Friday, Mar. 15, 1963
Back to Life
Richard Nixon arose from the wreckage of his political career--and found that life, after all, is not just a bed of razor blades. Last week, in his first public appearance since last November, he got warm applause after question-and-answer sessions in private clubs in New York and Chicago, held a jovial press conference in Chicago, and appeared on television with Jack Paar.
Insisting that he would "never again run for any public office," Nixon spoke out as "an individual citizen." Most particularly, he criticized the Kennedy Administration's handling of Cuba, and the failure to provide sufficient air cover over the Bay of Pigs. Said he: "When the suggestion is made that President Eisenhower may or may not have planned air cover, I would only suggest this: I cannot imagine the General, who planned the greatest invasion in history, the invasion of Normandy, allowing those 1,500 brave Cubans to go into the Bay of Pigs there without having first destroyed the enemy air power or providing air cover." Nixon also offered his current solution for Cuba: throw up a "partial blockade" to cut off oil shipments to Castro, which would "have the effect, probably, of bringing the Communist government down."

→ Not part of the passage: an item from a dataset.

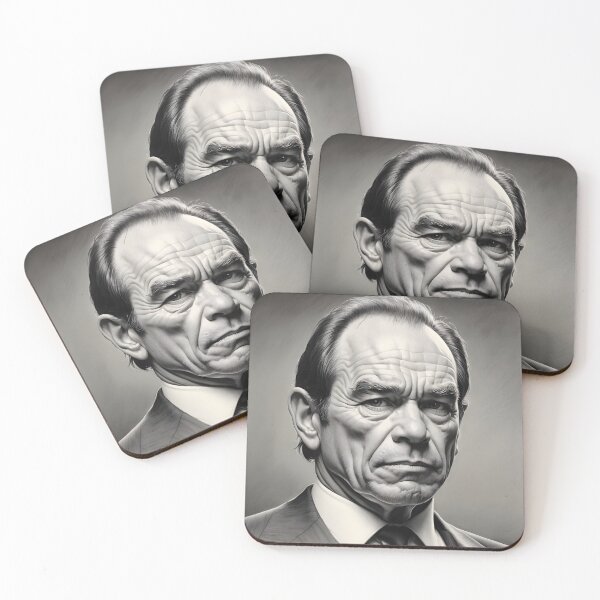 Artikelvorschau, Tommy Lee Jones entworfen und verkauft von WorldofCharcoal.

Aside from Cuba, Nixon said that New York's Nelson Rockefeller looks most likely for the 1964 Republican presidential nomination, that President Kennedy can be defeated next year if G.O.P. leaders "learn to enjoy fighting the Kennedy Administration as much as they seem to enjoy fighting each other."
For Nixon it was an immensely pleasant week. At New York's University Club, he appeared before 500 persons, the largest turnout since Winston Churchill spoke there 17 years ago. On the taped Paar show, Nixon joked easily and played an original tune on the piano. Said he to Jack: "You asked whether I had any future political plans to run for anything. If last November didn't finish this, this will, because believe me, the Republicans don't want another piano player in the White House."